I have a very clear memory from my childhood of sitting with my eyes closed as my sister told me a ghost story set in a lighthouse. I could see the waves crashing against the rocks at the foot of the lighthouse, feel the wind whipping my face as I approached it in the darkness and sense the tension rising within me as I climbed the stairs to the top.
Stories are at the heart of every culture: as children, we’re told stories at bed-time; throughout our lives, we listen to anecdotes from family and friends; and when we dream, we enter a world of opportunities where the limit is our own imagination. And this is what we can tap into with guided visualisation – providing learners with minimal input allows them to imagine all sorts of possibilities, meaning they can personalize their learning experience in a way which working with more structured content doesn’t allow them to do. Guided visualisation can be used both to create imaginary constructs and to root learners in the real world, providing them with thinking space and time to produce a much fuller response to the questions we ask in our classes.
Another reason I love guided visualisation is that it encourages learners to ask for language which they might not have asked for under the pressure of an on-the-spot answer. When learners share their visualisations with peers, there’s more motivation to express in words what they’ve just seen and an abundance of emergent language can come out of those moments. I also feel peers are more likely to listen to each other as they mentally (and verbally) compare and contrast their visualisations.
Guided visualisation is great for prep-free, paper-free and tech-free lessons, plus you can use it to work on a variety of linguistic points and using the time when learners are sharing to monitor and collect errors and useful language can provide you with lots of material to work on in that lesson and the future.
In the session, we’ll be doing a number of guided visualisations and looking at how they can be used in the classroom to practise different linguistic points and skills. Some people might be sceptical of guided visualisation, associating the technique with Suggestopedia, which is often seen as a bizarre, “hippie” methodology from the 1960s. Though it’s true that a number of the tools for a successful visualisation share their roots in the approach, there will be no Baroque music in the workshop and, much as I would love to give a session with you all sitting on bean bags, I imagine we’ll be in a more formal setting!

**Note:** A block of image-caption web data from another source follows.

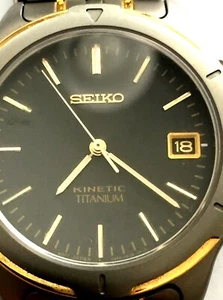 SEIKO KINETIC TITANIUM JAPAN SAPPHLES CRYSTAL WEATHER RESISTANT 10BAR 590001 5M - Picture 1 of 4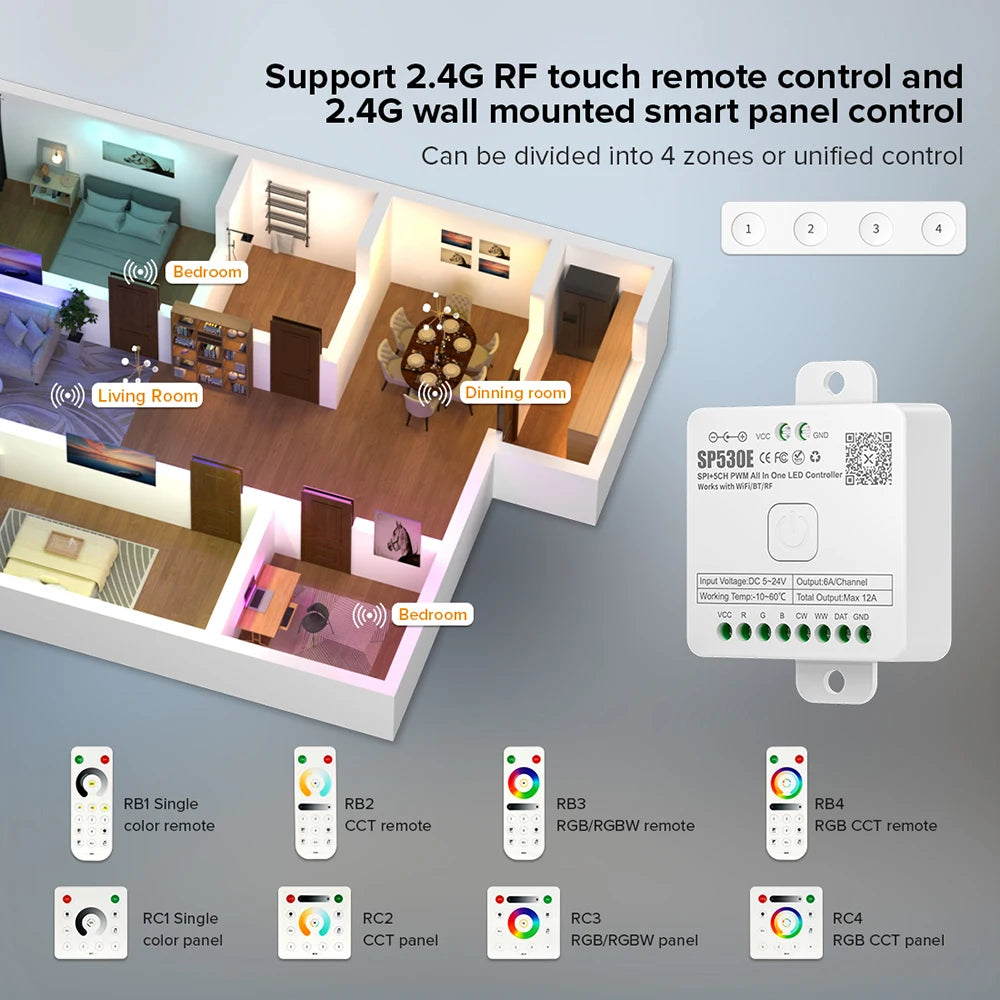 All In One LED Controller SP530E Wifi Alexa Google Home BT SP630E 5CH PWM SPI Pixels LED Strip Light WS2811 WS2812B SK6812 FCOB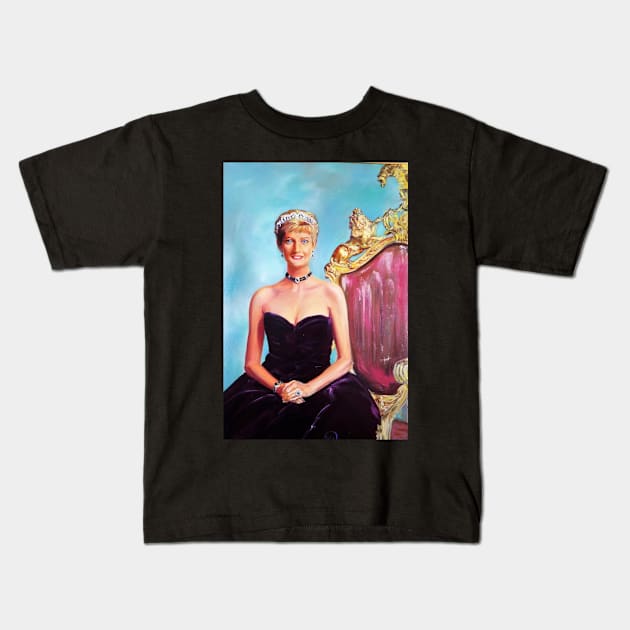 Princess Diana Portrait Painting Kids T-Shirt by artsale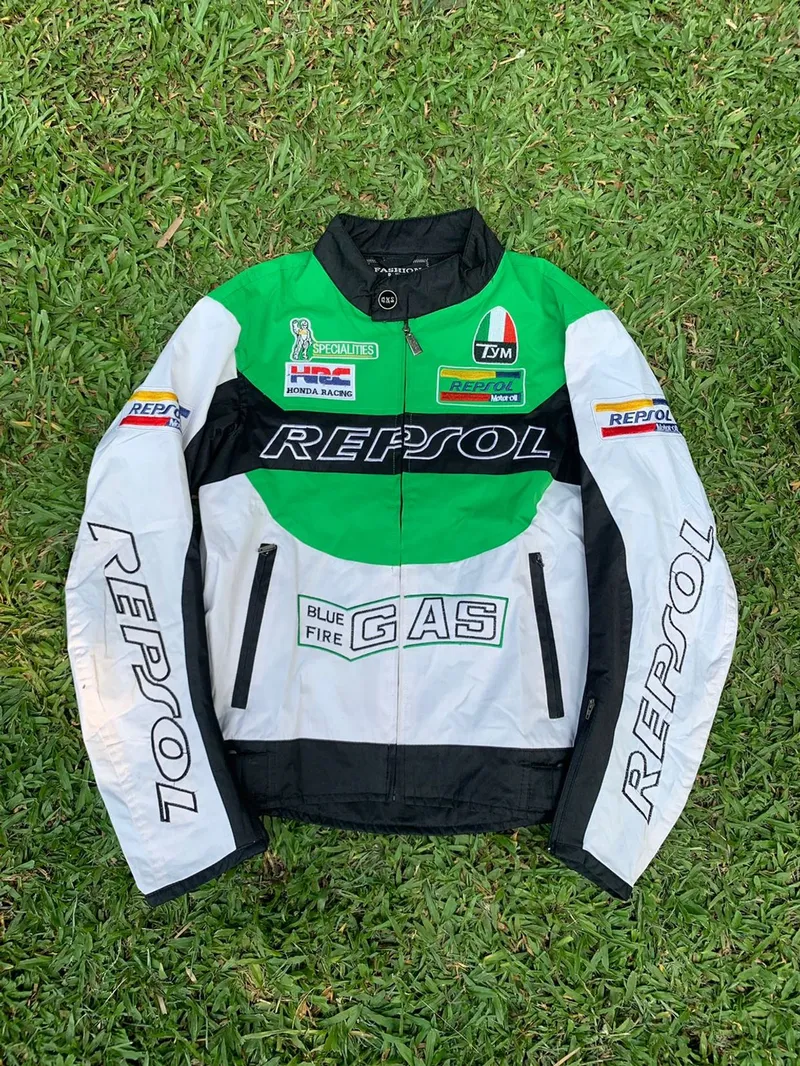Streetwear Biker Bomber jacket Pria green photo 1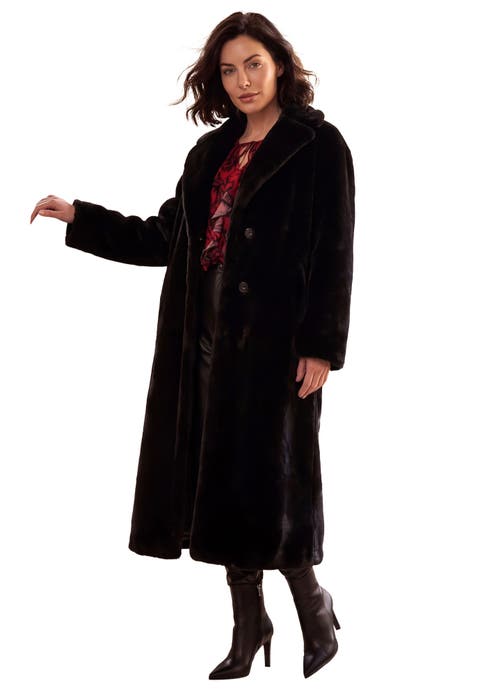 Plus Size Faux Fur Long Notch Lapel Coat (plus)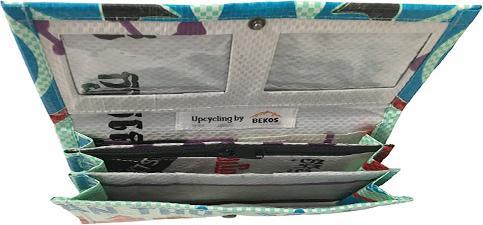 Immagine prodotto Bekos Upcycling - Borsetta da donna realizzata con sacchetti di cibo per pesci riciclati, verde chiaro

We’ll also look at how learners can use visualisation to remember lexis more easily, as we construct a memory palace and behind one of the doors, you’ll find a bear wearing a fez which is too small for its head. The technique of memory palaces or “method of loci” is widely used by contestants in memory championships and by polyglots to enable them to recall a huge variety of words, phrases and linguistic constructs across numerous languages.